*Task inputs*:

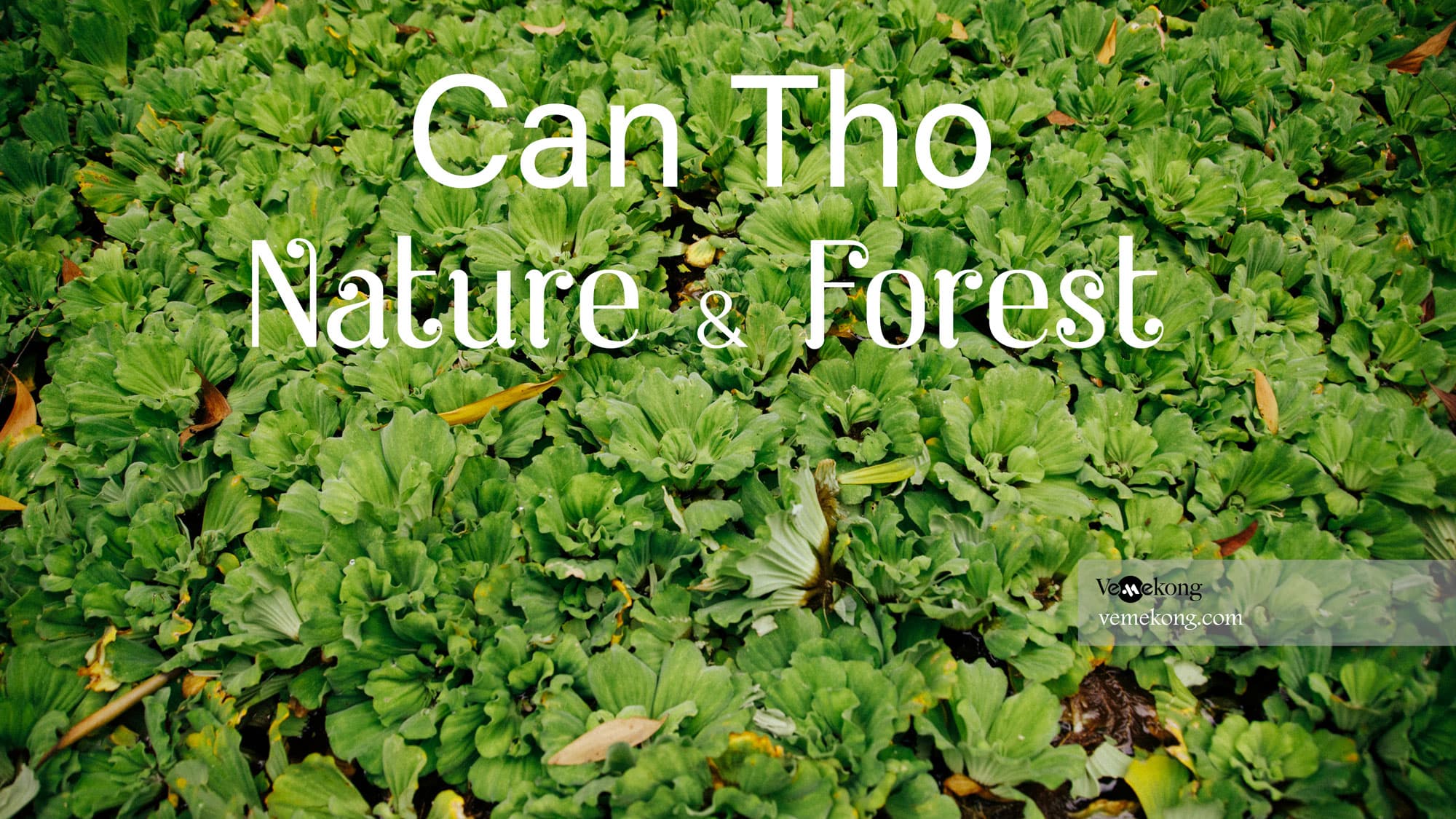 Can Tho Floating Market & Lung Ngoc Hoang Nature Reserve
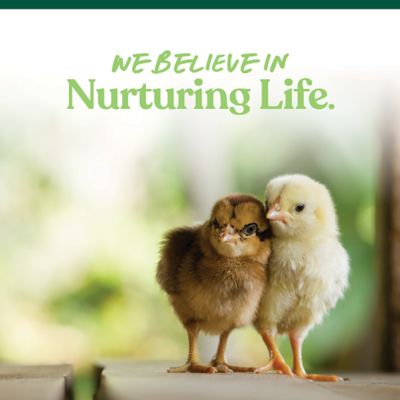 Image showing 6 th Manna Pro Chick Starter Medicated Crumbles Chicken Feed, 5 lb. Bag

==

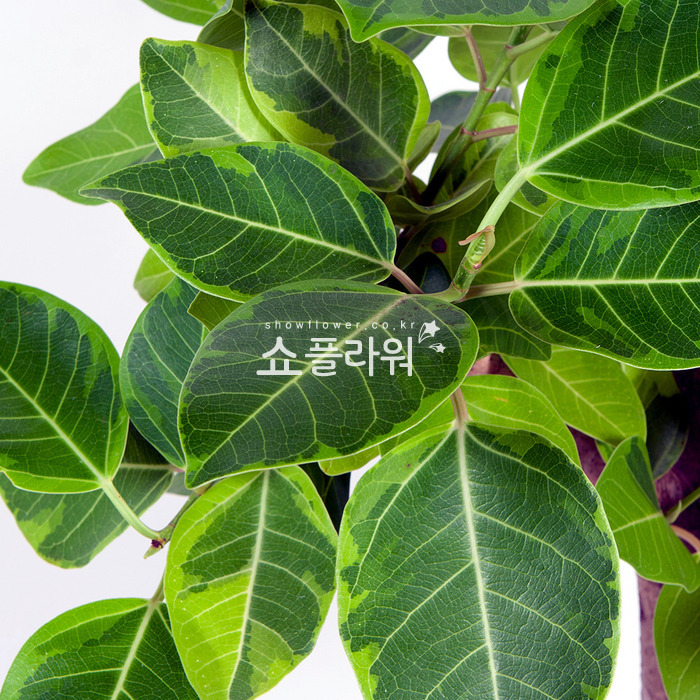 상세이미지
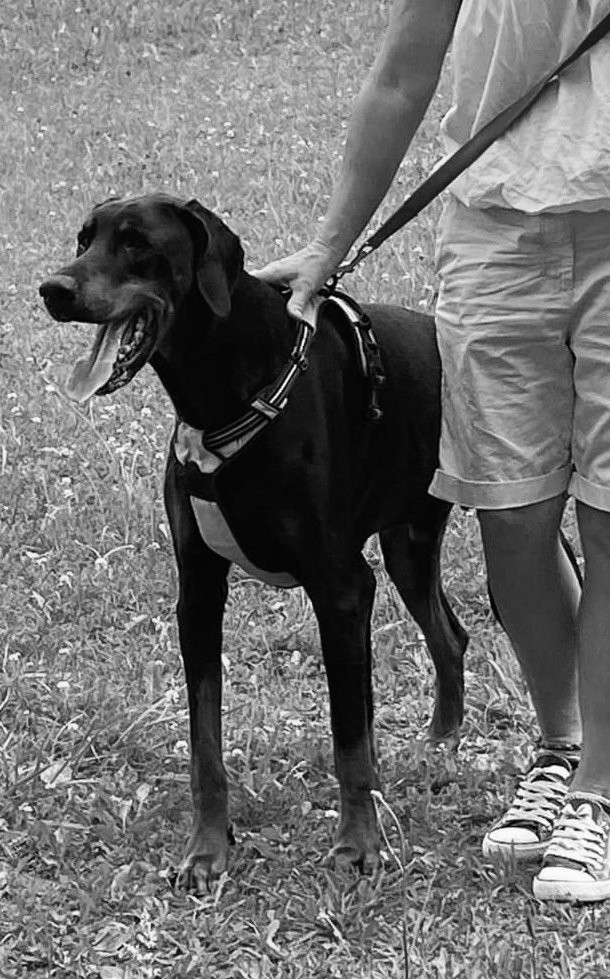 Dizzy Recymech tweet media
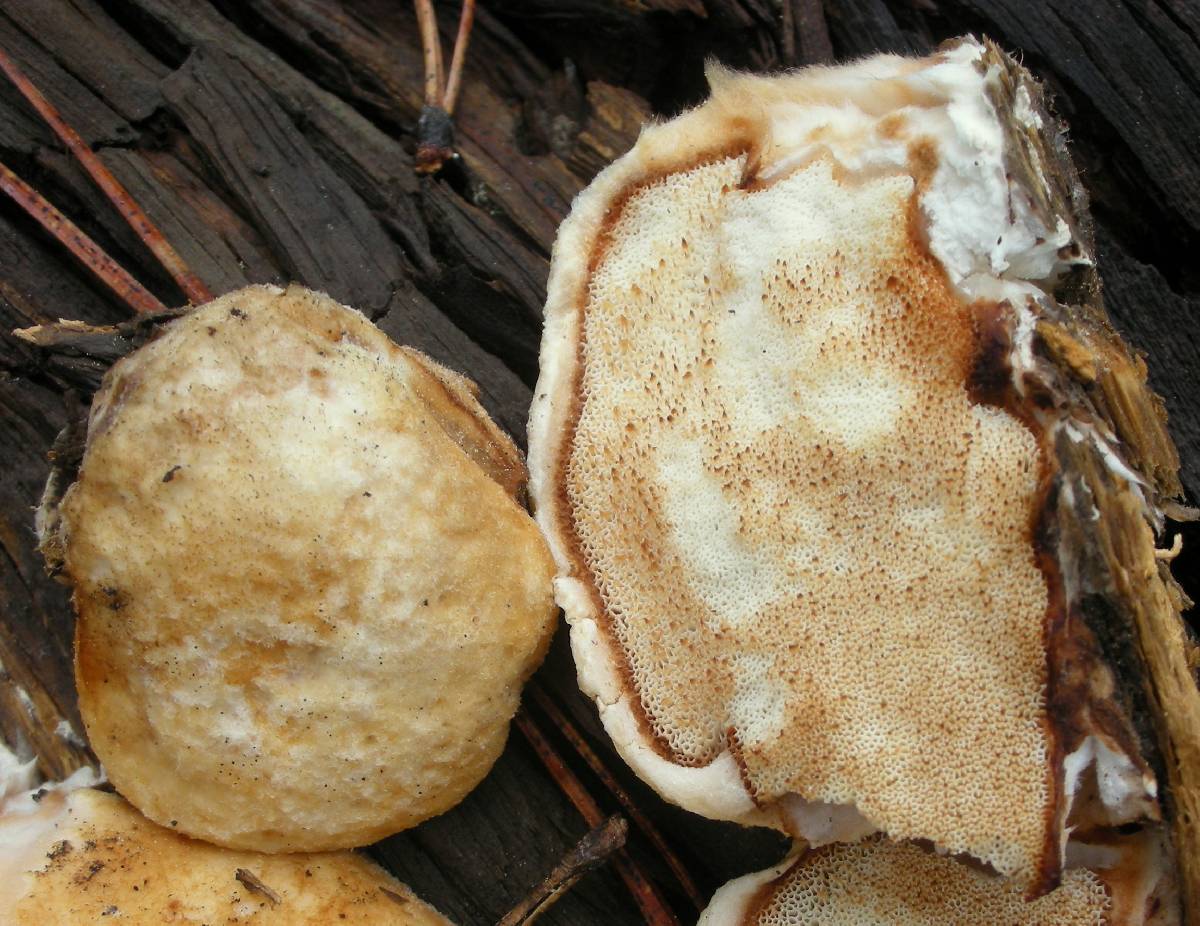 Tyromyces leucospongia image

*Exercise aim*: The expected output is the lines above from the one containing "Can Tho Floating" to the one containing "Image showing 6", both ends included, reproduced exactly with every picture left out.

*Response*:
 Can Tho Floating Market & Lung Ngoc Hoang Nature Reserve
 Image showing 6 th Manna Pro Chick Starter Medicated Crumbles Chicken Feed, 5 lb. Bag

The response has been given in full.